Bu yöntem, sözde paralel yapının Erdoğan'ın vurgulamaktan usanmadığı "faiz lobisi" ve uluslararası alanda faaliyet gösteren sermaye gruplarıyla bağlantısı olduğu intibasını bırakmaktadır. Son zamanlarda giderek artan, Fethullah Gülen'in CIA ve muhtelif Musevi cemaatleriyle ilişkisi olduğu haberleri, reklam filmindeki esrarengiz karakterin tasarlanmasında Türkiye'de giderek yaygınlaşan antisemit motiflerden nemalanıldığına delalet etmektedir. [3]
Sözlerimi tamamlamadan önce belirtmem gerekir ki reklamcıların algı yönetimi açısından gösterdiği azami ilgi ve dikkat, çok mühim bir ideolojik "anın" ortaya çıkmasına “istemeden de olsa” vesile olmuştur. Bayrağın başlangıçta gönderde dalgalanmasını sağlayan unsurun halkın aksine mekanik bir düzenek olduğu gözükmektedir. Bu ayrıntı gözden kaçmamalıdır.

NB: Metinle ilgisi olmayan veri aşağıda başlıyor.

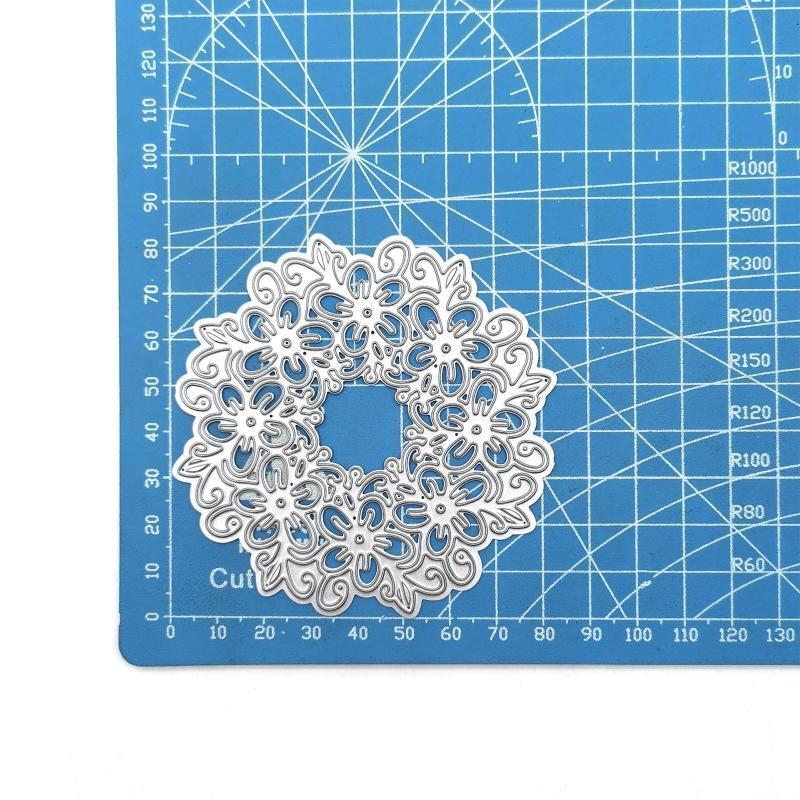 Puzzle Round Lace Carbon Steel Cutting Dies DIY Scrapbooking Photo Album Stencil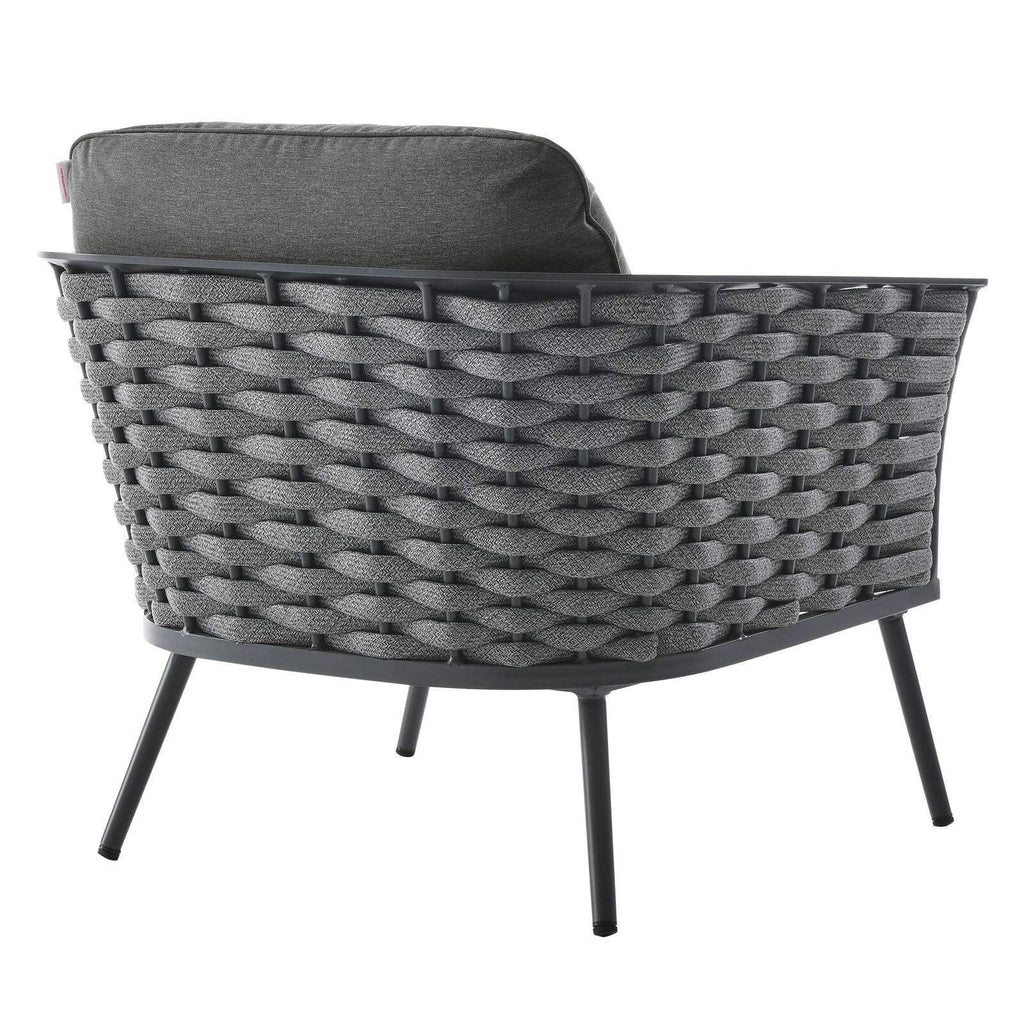 5 Piece Outdoor Patio Aluminum Sectional Sofa Set in Gray Z562059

Milletin eğilmeyeceği, Türkiye'nin yenilmeyeceği söylemi ise etkinleşmek için tam olarak bu düzeneğin varlığına ve aynı zamanda bozulmasına ihtiyaç duymaktadır. Sistemin neden bozulduğunun tahkiki yerine sistemi bozanın kim ve kimler olduğuna yönelik spekülasyonlar ise sistemi ilk raddede kuranın kriz anında başvurmak zorunda olduğu bir anlatı olarak değerlendirilmelidir.
Erdoğan'ın bu reklam filmini hazırlayanları bizzat arayarak kutlaması; YSK'nın seçim yasaklarına karşı gelerek "yasakları yasaklayacağız" şeklinde kadir-i mutlak bir tutum sergilemesi, bu anlatının zamanla mitsel bir nitelik kazanacağına dair işaretler olarak yorumlanmalıdır. Almanya ve İtalya gibi tarihsel örnekleri göz önünde bulundurduğumuzda, Erdoğan’ın yoğunluğu giderek artan bir şekilde kendini milletle özdeş gösterme çabası, endişe verici seviyeleri çoktan geçmiştir. Öyle ki uzun süredir gündemi işgal eden ve Erdoğan’ın otoriterleşmesini vurgulayan tartışmalar, yakın gelecekte totalitarizm belasından dem vuran bir fısıltıya dönüşebilir. Yasakların yasaklandığı gün, bugünlerin mumla aranacağı gündür.
* Buğra Yasin, Boğaziçi Üniversitesi Siyaset Bilimi ve Uluslarası İlişkiler bölümü, doktora.
[1] Aristotle, Politics (Cambridge: Cambridge University Press, 2007), s. 13.
[2] Slavoj Žižek, Tarrying with the Negative (Durham: Duke University Press, 1993), s. 203.
[3] Rıfat N. Bali, “Present-day Anti-Semitism in Turkey”, 84 (2009). Jerusalem Center for Public Affairs (jcpa.org). Erişim tarihi: 19.03.2014.